According to folklore, the dybbuk is not a monster, but a wandering soul with unfinished business on earth; it enters the body of a living woman so as to make its business known. Since many people die with unsatisfied desires, one would think that dybbuks would be a common phenomenon; indeed, the chief rabbi of the village where The Dybbuk takes place confirms this when he has to cast out the spirit at the story's climax. ("My father and grandfather knew how to do this," he says, or something to that effect.) One of the most interesting things about the film is how freely the dead interact with the living. There's another ghost in the story who frequently shows up to proffer advice and guilt-trip the living; he's more irksome than scary, an undead version of Seinfeld's Uncle Leo.

This fluidity between life and death is rendered poetically as well. During the extended wedding ceremony that forms the film's centerpiece, there's a ceremonial "dance of the dead" along with dances of the rich and poor. And the public ceremony takes place, we're reminded, near the grave site of a bride and groom who'd been slaughtered by Cossacks on their wedding day. (Seeing this detail now, it's hard not to think of the three million Polish Jews who would be slaughtered during the Shoah only a few years after the film was made; if The Dybbuk is at all scary, it's as a harbinger of real-life horror.) Not coincidentally, the film's dybbuk first arrives at the wedding. It is the spirit of Channon, the Yeshiva scholar who had wanted to marry the bride, Leah, but was turned away by her father. He refuses to leave until he can claim his beloved.

Channon also happened to be the son of Leah's father's best friend. When the fathers were young men, they pledged that their children would marry if they had offspring of the opposite sex (it sounds convoluted in the movie too). The rejection of Channon is thus an insult to two generations and only can be resolved by a rabbinical court. In contrast to The Possession—or, for that matter, practically every movie about demonic possession—The Dybbuk climaxes with a heated, albeit pragmatic discussion of religious law. It's indicative of Jewish tradition that the chief rabbi first tries to shame the dybbuk into departing. "Don't you think you're overreacting?" he essentially says.
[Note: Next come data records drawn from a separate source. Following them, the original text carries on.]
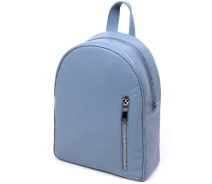 Придбати - рюкзак  Жіночий шкіряний рюкзак SHVIGEL 21х28х9 см Блакитний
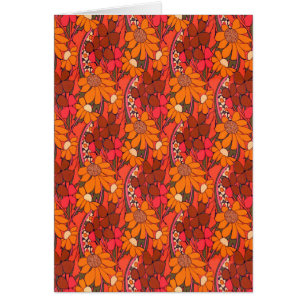 Cartão Flores de Groovy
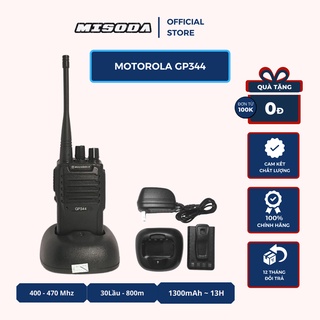 Bộ đàm Motorola GP344, 16 kênh, loa to, kết cấu rắn chắc chống va đập tốt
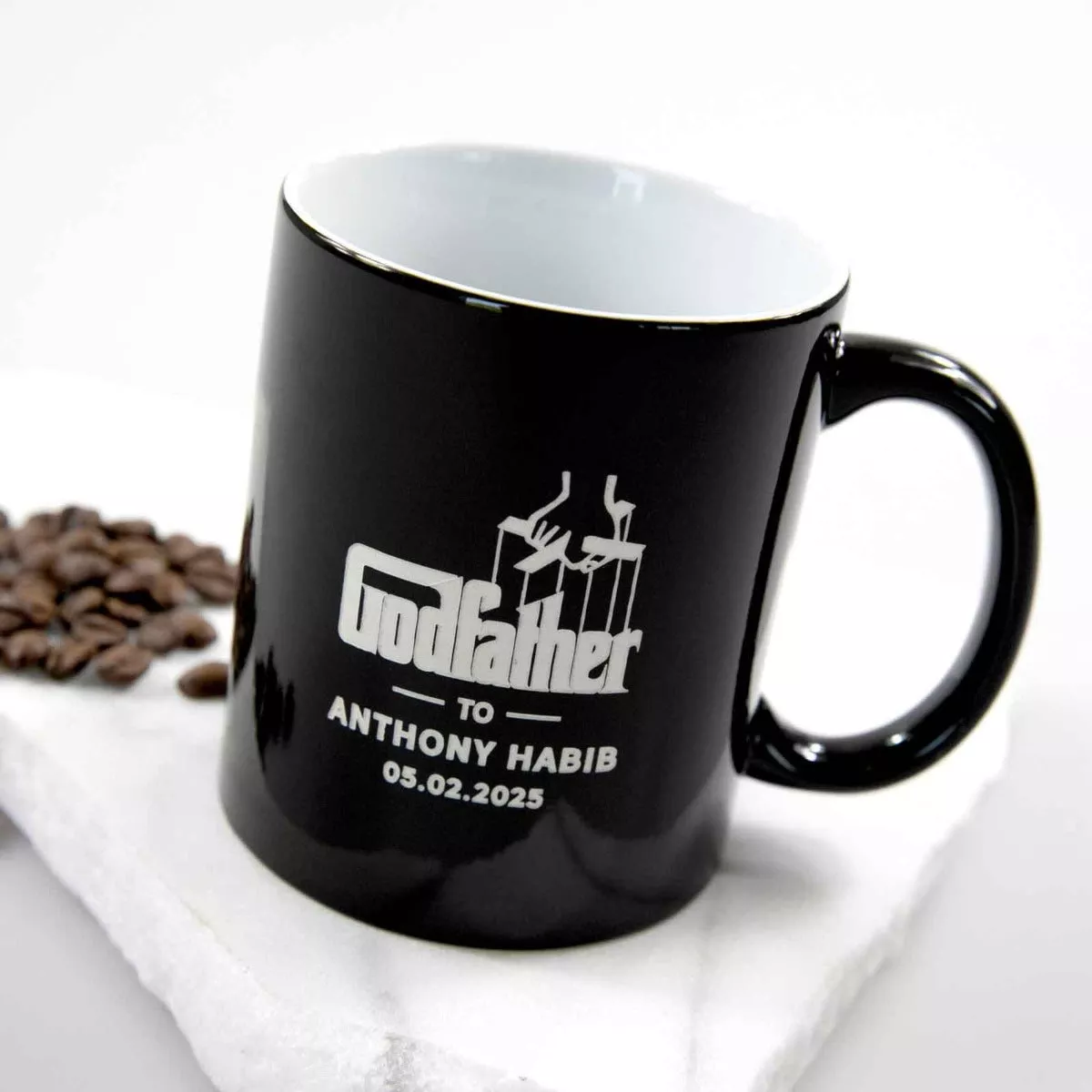 Engraved Godparent Coffee Mug Gift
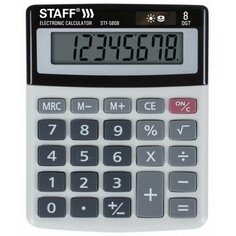 Канцелярия Staff Калькулятор настольный компактный STF-5808 8 разрядов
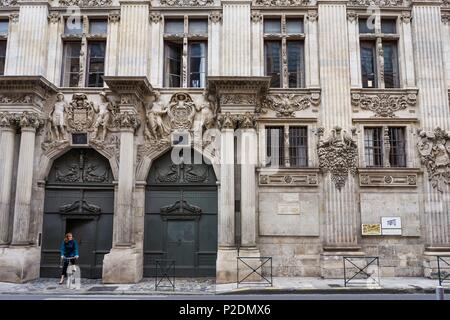 France, Haute Garonne, Toulouse, Private mansion of Clary, called Hotel de Pierre, Rue de la Dalbade Stock Photo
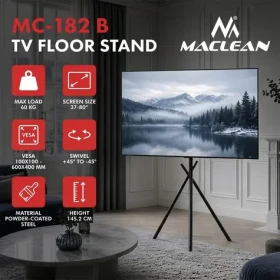 MC-182 B čierna podlahový stojan pre TV / Podlahový stojan pre TV / 37-80" / VESA 600x400 mm / nosnosť 60 kg (MC-182 B)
While most ghost stories speak to our fears of the unknown, the tale of the dybbuk speaks to the fear of being confronted for past wrongdoing. A true contemporary adaptation, then, would feel less like The Exorcist than David Fincher's The Game or maybe a dark comedy like Elaine May's Mikey and Nicky (in which John Cassavetes plays the dybbuk to Peter Falk's guilt-ridden Jew). Writing about The Possession last week for the Jewish culture website Tablet, J. Hoberman argued that "[the main character's] anxiety and the tension within his broken home would have been immeasurably heightened if his family were confronted with a repressed aspect of their own past." Agreed.